START ENTRIES SUPPLIED

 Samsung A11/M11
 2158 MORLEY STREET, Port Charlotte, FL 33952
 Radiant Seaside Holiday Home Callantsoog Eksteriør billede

END ENTRIES SUPPLIED
START ENTRIES SUPPLIED

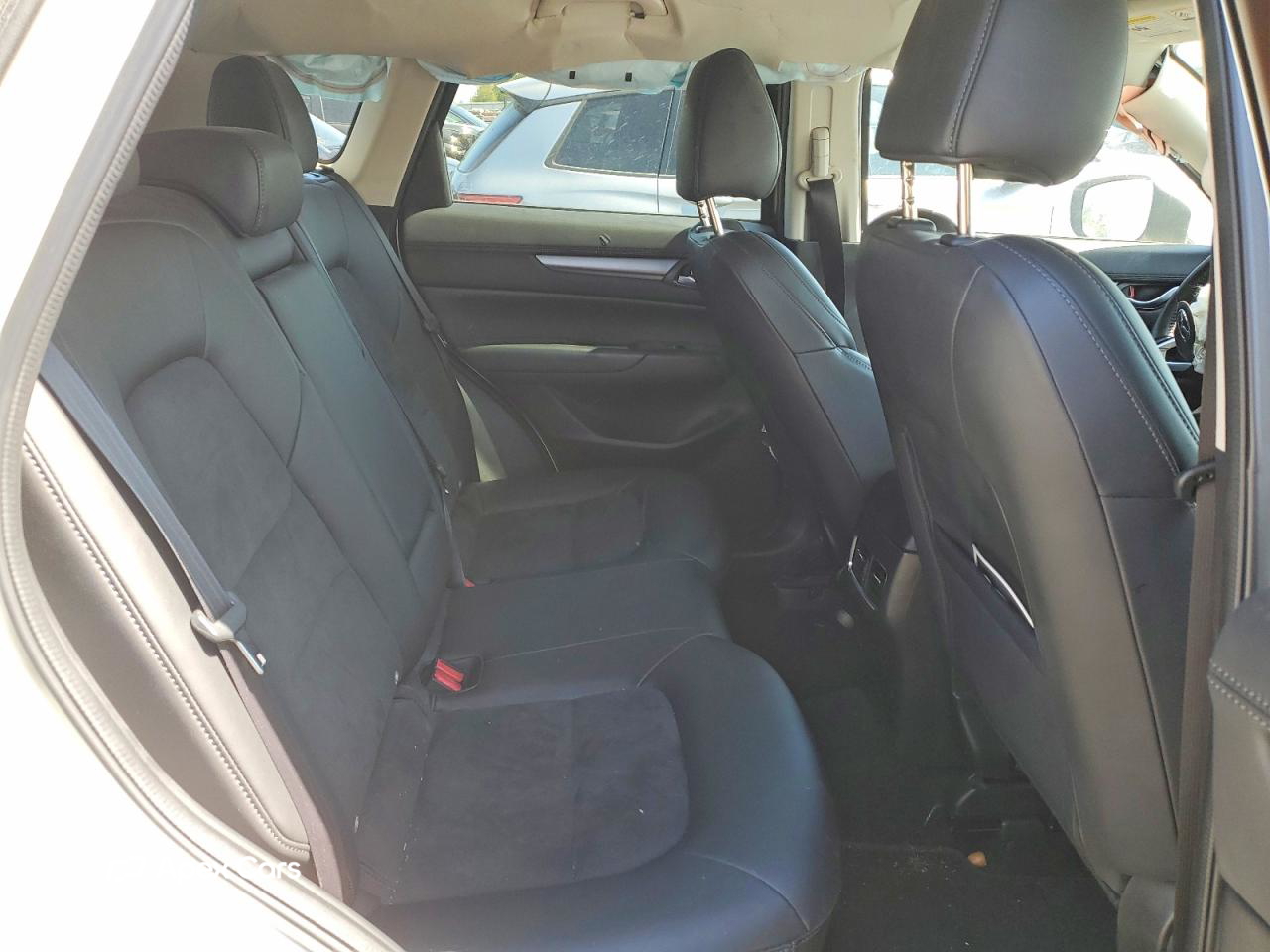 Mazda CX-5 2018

END ENTRIES SUPPLIED

WHAT YOU SHOULD DO: Every line above from the line with "Samsung A11/M11" to the line with "Radiant Seaside Holiday", both included, must be reproduced exactly, and no other line may appear.

ANSWER TO THIS EXERCISE:
 Samsung A11/M11
 2158 MORLEY STREET, Port Charlotte, FL 33952
 Radiant Seaside Holiday Home Callantsoog Eksteriør billede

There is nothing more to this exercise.